A BILL TO BE ENTITLED
 
AN ACT
  relating to the disclosure of health care costs and related
  information.
         BE IT ENACTED BY THE LEGISLATURE OF THE STATE OF TEXAS:
         SECTION 1.  Subtitle F, Title 8, Insurance Code, is amended
  by adding Chapter 1470 to read as follows:
  CHAPTER 1470. DISCLOSURE OF PAYMENT AND COMPENSATION METHODOLOGY
         Sec. 1470.001.  DEFINITIONS. In this chapter, unless the
  context otherwise requires:
               (1)  "Edit" means a practice or procedure under which
  an adjustment is made regarding procedure codes that results in:
                     (A)  payment for some, but not all, of the health
  care procedures performed under a procedure code;
                     (B)  payment made under a different procedure
  code;
                     (C)  a reduced payment as a result of services
  provided to a patient that are claimed under more than one procedure
  code on the same service date;
                     (D)  a reduced payment related to a modifier used
  with a procedure code; or
                     (E)  a reduced payment based on multiple units of
  the same procedure code billed for a single date of service.
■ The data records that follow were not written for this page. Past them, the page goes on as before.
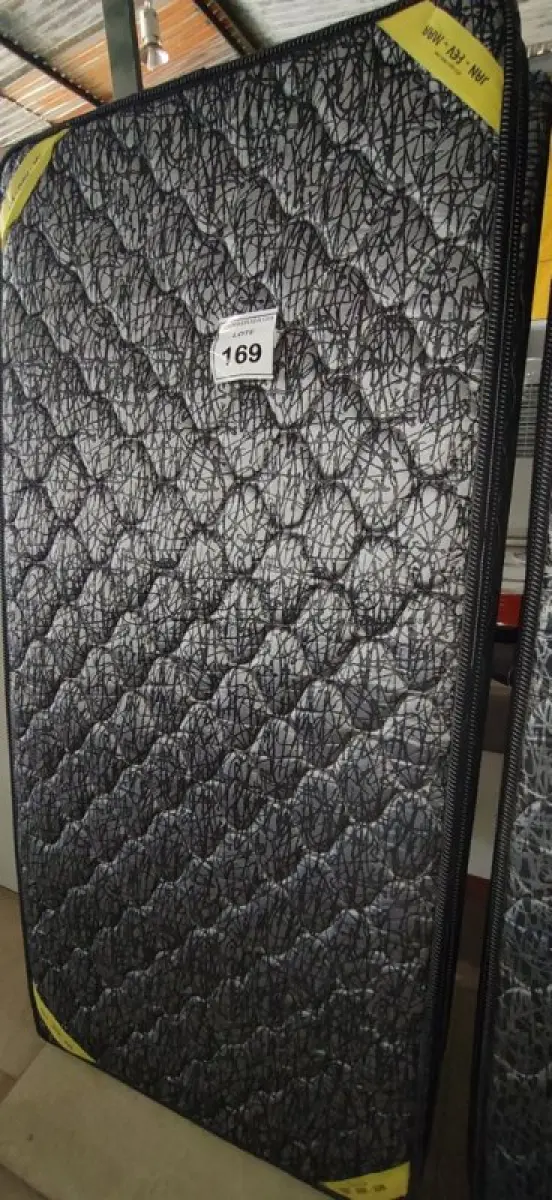 LOTE 168 - 01 COLCHÃO SOLTEIRO COM BASE 1,88CM X 0,88CM. (NO ESTADO EM QUE SE ENCONTRA. SUJEITO A AVARIAS OCULTAS/VISÍVEIS.) AU2189V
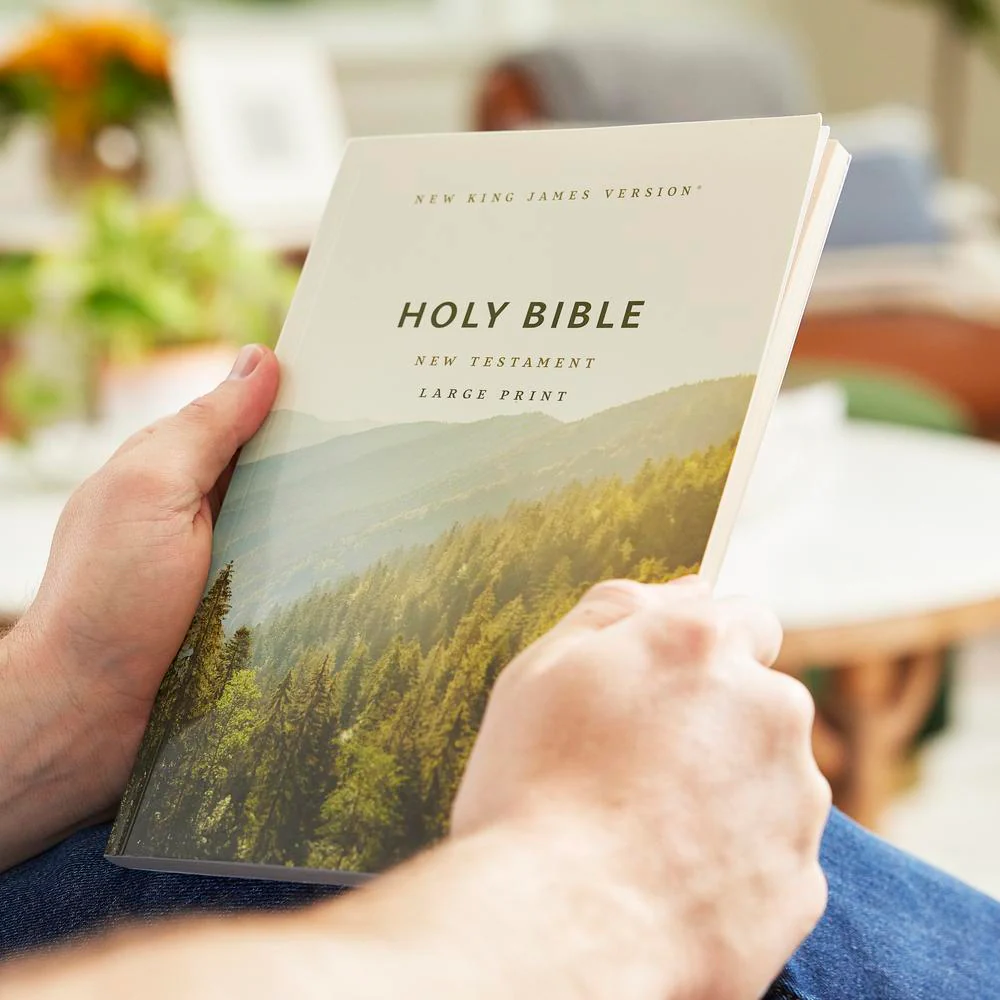NKJV Large Print Outreach New Testament Bible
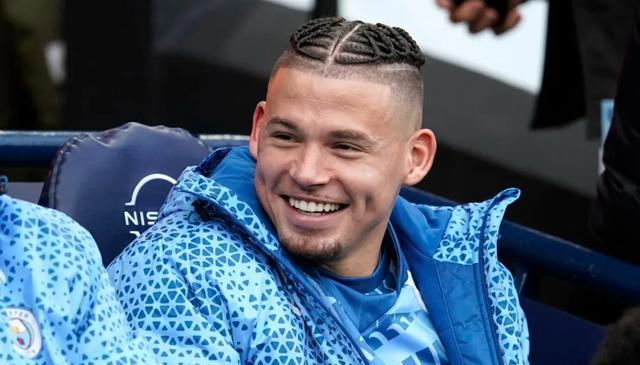 目前, 曼城亏大了, 后腰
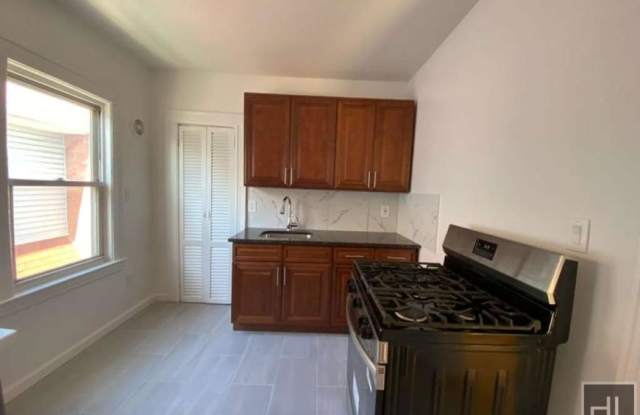 3815 FARRAGUT ROAD Gallery 2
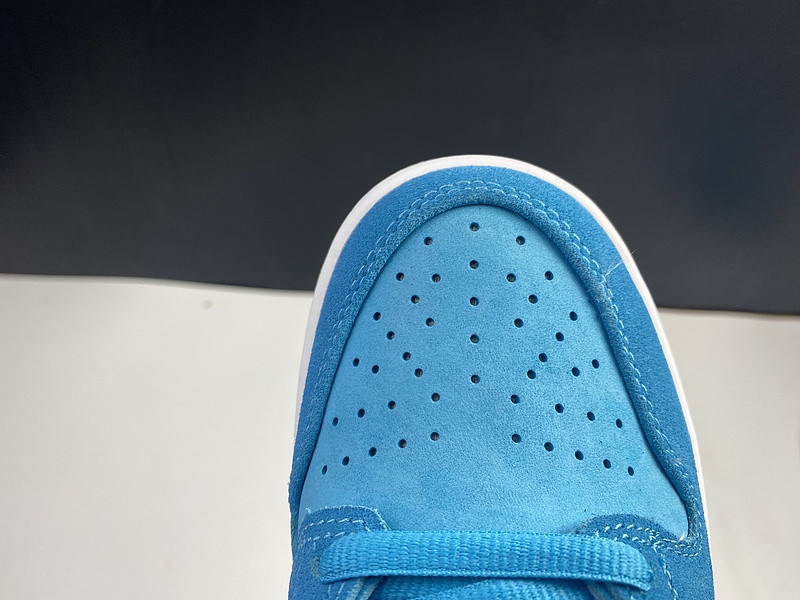 nike dunksb low “blue fury” bq6817-400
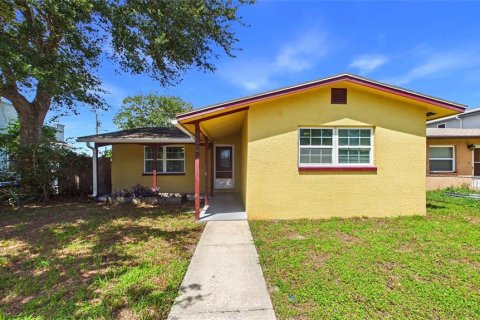 Casa en venta en Saint Petersburg, Florida, 3 dormitorios, 129.6 m2 № 2369342 - foto 5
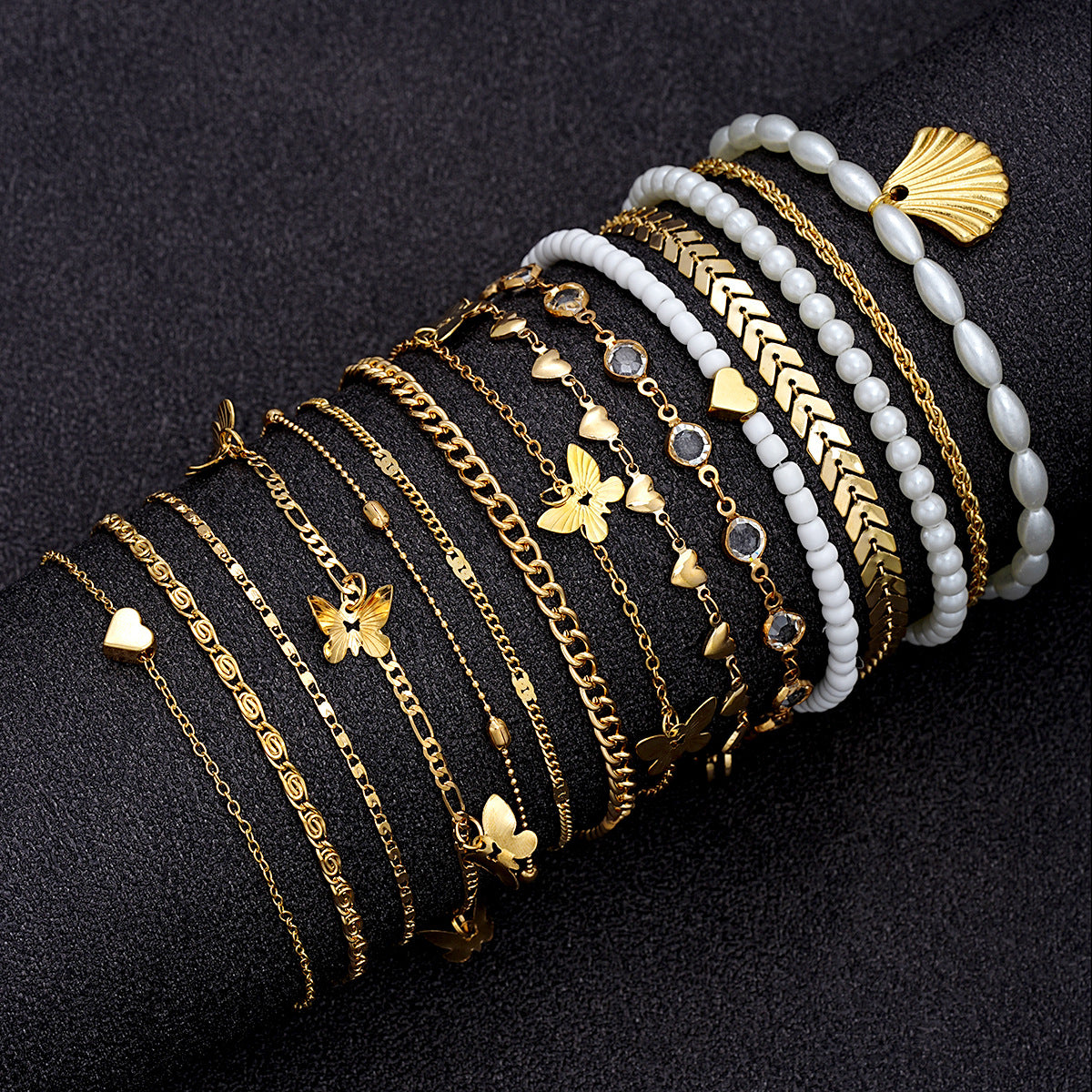 Damen Armband-Set mit filigranen goldenen Designs und charmanten Anhängern Shop Nory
               (2)  "Health benefit plan issuer" means:
                     (A)  an insurance company, association,
  organization, group hospital service corporation, health
  maintenance organization, or pharmacy benefit manager that
  delivers or issues for delivery an individual, group, blanket, or
  franchise insurance policy or insurance agreement, a group hospital
  service contract, or an evidence of coverage that provides health
  insurance or health care benefits and includes:
                           (i)  a life, health, or accident insurance
  company operating under Chapter 841 or 982;
                           (ii)  a general casualty insurance company
  operating under Chapter 861;
                           (iii)  a fraternal benefit society operating
  under Chapter 885;
                           (iv)  a mutual life insurance company
  operating under Chapter 882;
                           (v)  a local mutual aid association
  operating under Chapter 886;
                           (vi)  a statewide mutual assessment company
  operating under Chapter 881;
                           (vii)  a mutual assessment company or mutual
  assessment life, health, and accident association operating under
  Chapter 887;
                           (viii)  a mutual insurance company operating
  under Chapter 883 that writes coverage other than life insurance;
                           (ix)  a Lloyd's plan operating under Chapter
  941;
                           (x)  a reciprocal exchange operating under
  Chapter 942;
                           (xi)  a stipulated premium insurance company
  operating under Chapter 884;
                           (xii)  an exchange operating under Chapter
  942;
                           (xiii)  a Medicare supplemental policy as
  defined by Section 1882(g)(1), Social Security Act (42 U.S.C.
  Section 1395ss(g)(1);
                           (xiv)  a Medicaid managed care program
  operated under Chapter 533, Government Code;
                           (xv)  a health maintenance organization
  operating under Chapter 843;
                           (xvi)  a multiple employer welfare
  arrangement that holds a certificate of authority under Chapter
  846; and
                           (xvii)  an approved nonprofit health
  corporation that holds a certificate of authority under Chapter
  844;
                     (B)  the state Medicaid program operated under
  Chapter 32, Human Resources Code, or the state child health plan or
  health benefits plan for children under Chapter 62 or 63, Health and
  Safety Code;
                     (C)  the Employees Retirement System of Texas or
  another entity issuing or administering a basic coverage plan under
  Chapter 1551;
                     (D)  the Teacher Retirement System of Texas or
  another entity issuing or administering a basic plan under Chapter
  1575 or a primary care coverage plan under Chapter 1579;
                     (E)  The Texas A&M University System or The
  University of Texas System or another entity issuing or
  administering basic coverage under Chapter 1601; and
                     (F)  an entity issuing or administering medical
  benefits provided under a workers' compensation insurance policy or
  otherwise under Title 5, Labor Code.
               (3)  "Health care contract" means a contract entered
  into or renewed between a health care contractor and a physician or
  health care provider for the delivery of health care services to
  others.
               (4)  "Health care contractor" means an individual or
  entity that has as a business purpose contracting with physicians
  or health care providers for the delivery of health care services.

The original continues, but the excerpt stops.